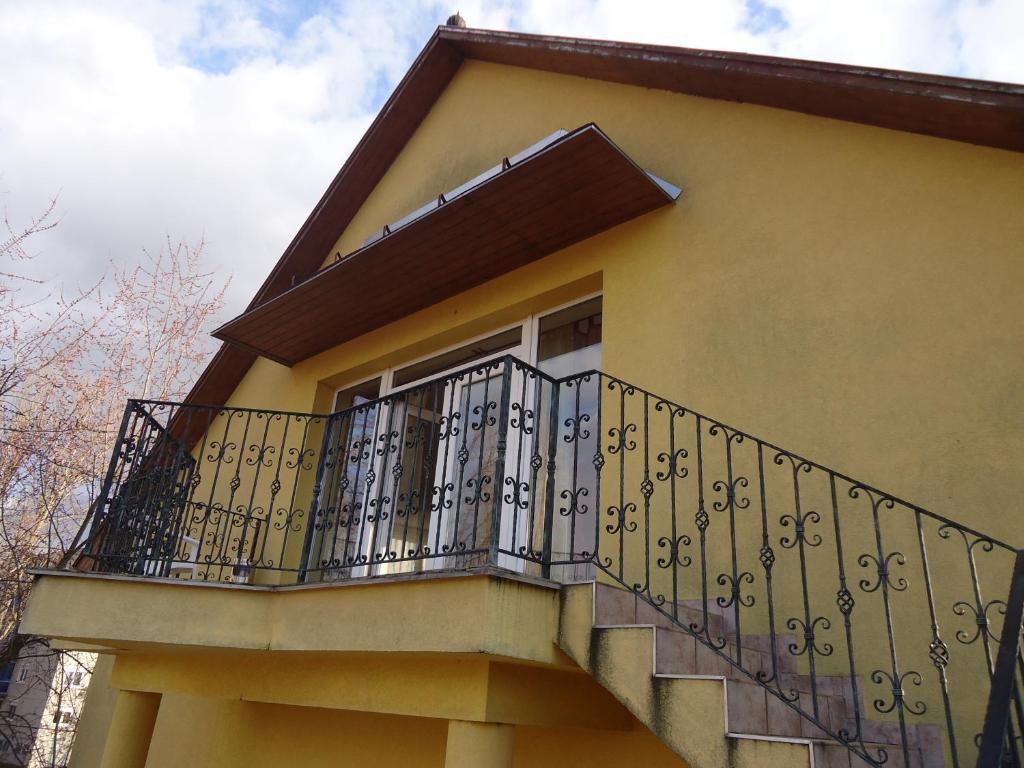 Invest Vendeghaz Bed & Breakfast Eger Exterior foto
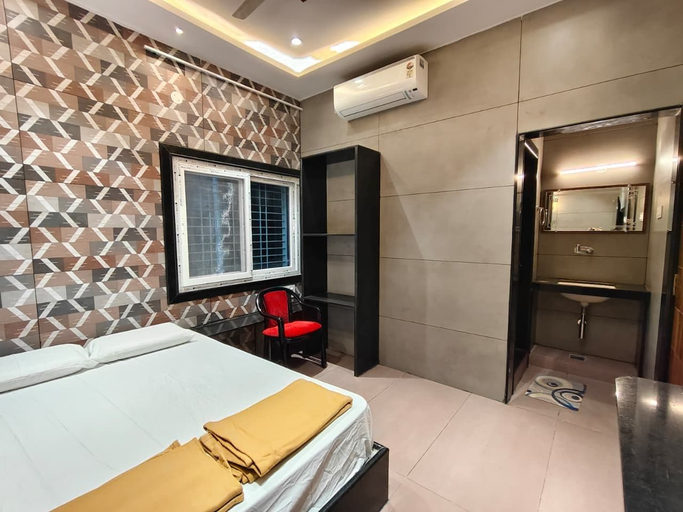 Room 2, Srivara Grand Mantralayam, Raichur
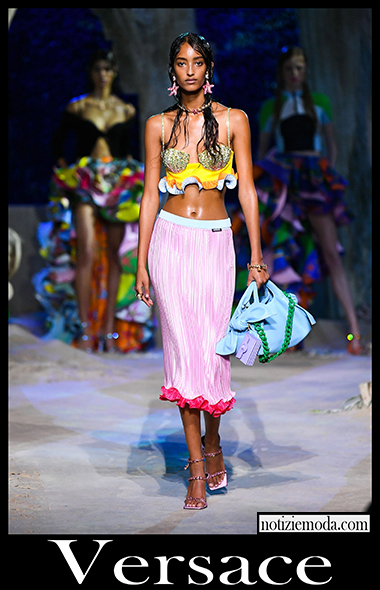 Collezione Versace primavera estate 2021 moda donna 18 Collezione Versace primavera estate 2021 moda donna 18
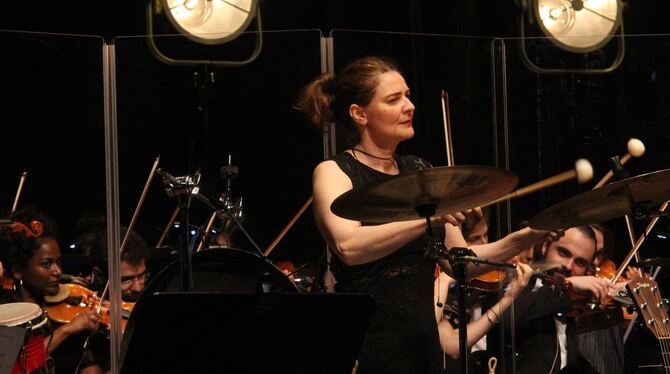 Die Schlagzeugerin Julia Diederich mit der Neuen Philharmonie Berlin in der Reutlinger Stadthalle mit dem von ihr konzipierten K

▸ Task
Give back the material above exactly, without pictures.

▸ Your response
 Invest Vendeghaz Bed & Breakfast Eger Exterior foto
 Room 2, Srivara Grand Mantralayam, Raichur
 Collezione Versace primavera estate 2021 moda donna 18 Collezione Versace primavera estate 2021 moda donna 18
 Die Schlagzeugerin Julia Diederich mit der Neuen Philharmonie Berlin in der Reutlinger Stadthalle mit dem von ihr konzipierten K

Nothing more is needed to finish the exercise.